I find this analogy with physics to be particularly enlightening. Because we only see the data of passive observation, we have to account for the fact that a lot of other relationships are confounding the relation of interest. Accounting for these influences means modeling all of these other influences. I think this is an impossible task if done at the same time as building the model and testing the theory. This is where Haavelmo mixes science with engineering and takes the field in a wrong direction. Let me explain. Science is about Cartesian slicing of reality into smaller subsets that are studied in isolation. Engineering is about combining these relationships in a computable model (which generally requires some degree of simplification, the choice of which makes modeling an art) and testing the predictions of the model against new data. What Haavelmo proposes is to blend all these steps into one unique estimation procedure: theory gives us all the theoretical slices and estimation from the data of a passive observation should be able to deliver the properties of the relationships of interest. This sounds crazy and unrealistic. It puts too much weight on the combination of data with theory. Actually, this is generally an ill-posed problem that does not have a solution with passive data alone. Some information is lacking and the system has too many unknown relationships and not enough independent information. Haavelmo was actually aware of that problem, that he called the problem of confluence and that we now call the problem of identification.

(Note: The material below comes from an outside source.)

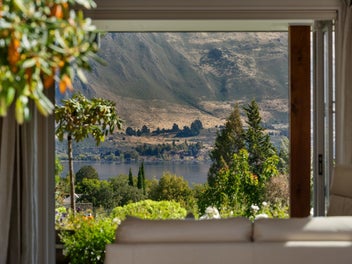 Spacious living, spectacular surroundings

Autonomy and the problem of confluent relationships
Haavelmo makes it clear from the beginning that we are interested in relationships that it might not be possible to observe in the data, because they are confounded by other ones occurring simultaneously. The problem of estimating supply and demand curves out of a data set of price and quantities is the classical exemplification of this problem of lack of autonomy that we now call identification. Haavelmo recalls first the goal of economic research as Cartesian slicing:
Our hope in economic theory and research is that it may be possible to establish constant and relatively simple relations between dependent variables, y and a relatively small number of independent variables, x.
Just before that, he discusses the mere existence of constant economic laws:
We might be inclined to say that the possibility of such fruitful hypothetical constructions and deductions depends upon two separate factors, namely, on the one hand, the fact that there are laws of Nature, on the other hand, the efficiency of our analytical tools. However, by closer inspection we see that such a distinction is a dubious one. Indeed, we can hardly describe such a thing as a law of nature without referring to certain principles of analysis. And the phrase, "In the natural sciences we have stable laws," means not much more and not much less than this: The natural sciences have chosen very fruitful ways of looking upon physical reality. So also, a phrase such as "In economic life there are no constant laws," is not only too pessimistic, it also seems meaningless.
So, it is possible to find laws in economic life if we look at the phenomena in the right way. What is the problem of autonomy then?
Let us consider one such particular relation, say x1=f(x2, x3). In constructing such a relation, we reason in the following way: If x2 be such and such, x3 such and such, etc., then this implies a certain value of x1. In this process we do not question whether these "ifs" can actually occur or not. When we impose more relations upon the variables, a great many of these "ifs," which were possible for the relation x1=f(x2, x3) separately, may be impossible, because they violate the other relations. After having imposed a whole system of relations, there may not be very much left of all the hypothetical variation with which we started out. At the same time, if we have made a lucky choice of theoretical relations, it may be that the possible variations that are left over agree well with those of the observed variables.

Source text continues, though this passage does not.